Within the entries below, please return exactly the lines from the one with "sport diet protein" through the one with "Boy teenager teen", leaving out any pictures.

Given records:
'''
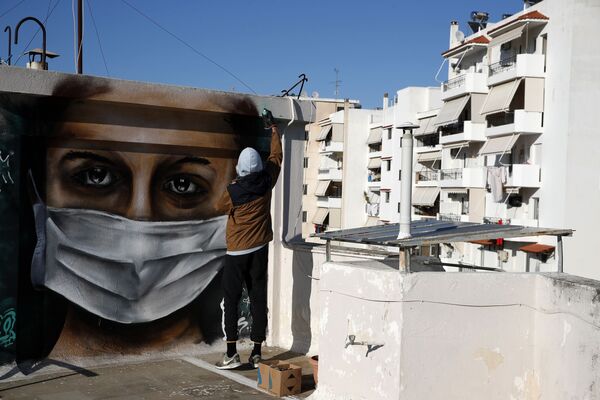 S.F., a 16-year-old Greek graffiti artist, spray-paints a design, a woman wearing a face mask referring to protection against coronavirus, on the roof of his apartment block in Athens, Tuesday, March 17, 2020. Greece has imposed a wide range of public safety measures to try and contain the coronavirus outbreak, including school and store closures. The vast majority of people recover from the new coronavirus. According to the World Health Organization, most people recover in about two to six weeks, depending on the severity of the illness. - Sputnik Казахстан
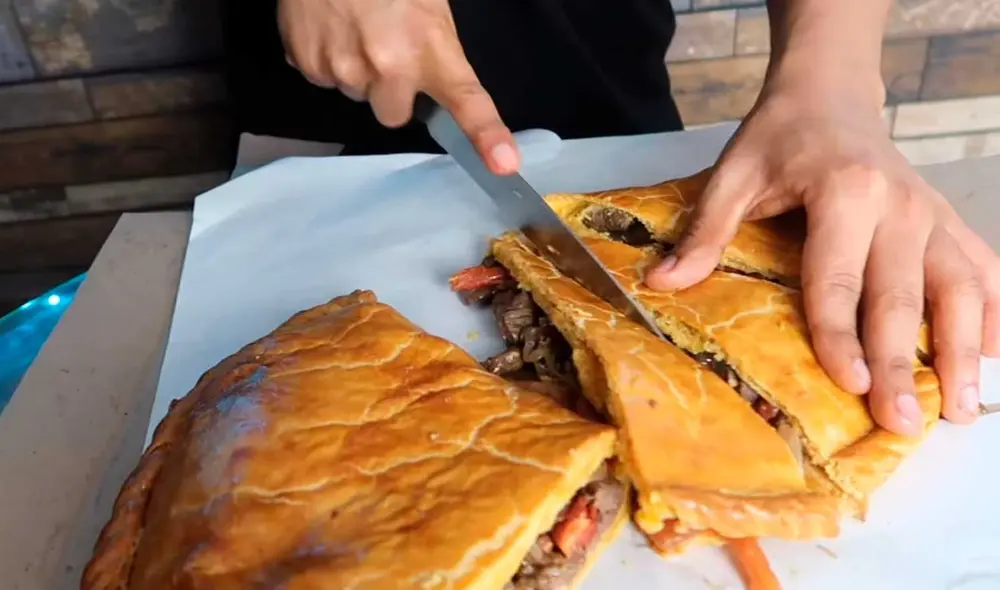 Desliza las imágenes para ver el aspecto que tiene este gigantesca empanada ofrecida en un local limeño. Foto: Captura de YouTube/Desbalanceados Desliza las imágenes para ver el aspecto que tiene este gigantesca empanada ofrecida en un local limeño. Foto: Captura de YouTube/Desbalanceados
'''
'''
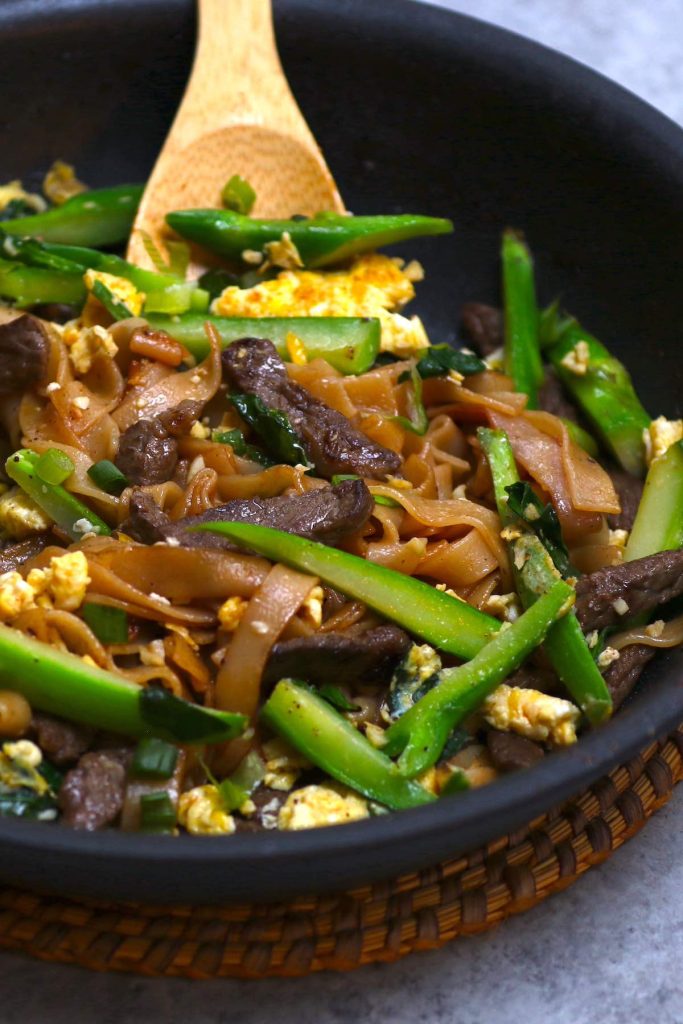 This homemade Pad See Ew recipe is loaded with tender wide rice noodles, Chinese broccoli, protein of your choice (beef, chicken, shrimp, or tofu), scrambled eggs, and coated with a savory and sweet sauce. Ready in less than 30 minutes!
'''
'''
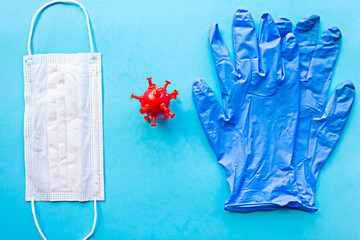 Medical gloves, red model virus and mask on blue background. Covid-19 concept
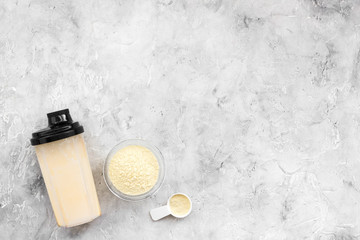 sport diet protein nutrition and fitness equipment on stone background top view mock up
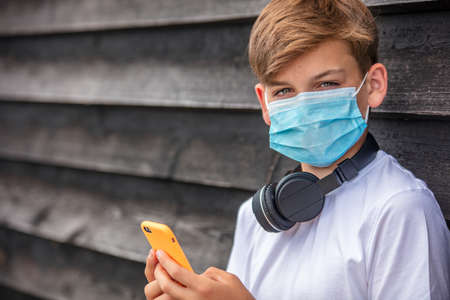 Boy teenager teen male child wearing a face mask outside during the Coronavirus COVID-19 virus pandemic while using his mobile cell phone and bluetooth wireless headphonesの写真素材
'''
Reply:
 sport diet protein nutrition and fitness equipment on stone background top view mock up
 Boy teenager teen male child wearing a face mask outside during the Coronavirus COVID-19 virus pandemic while using his mobile cell phone and bluetooth wireless headphonesの写真素材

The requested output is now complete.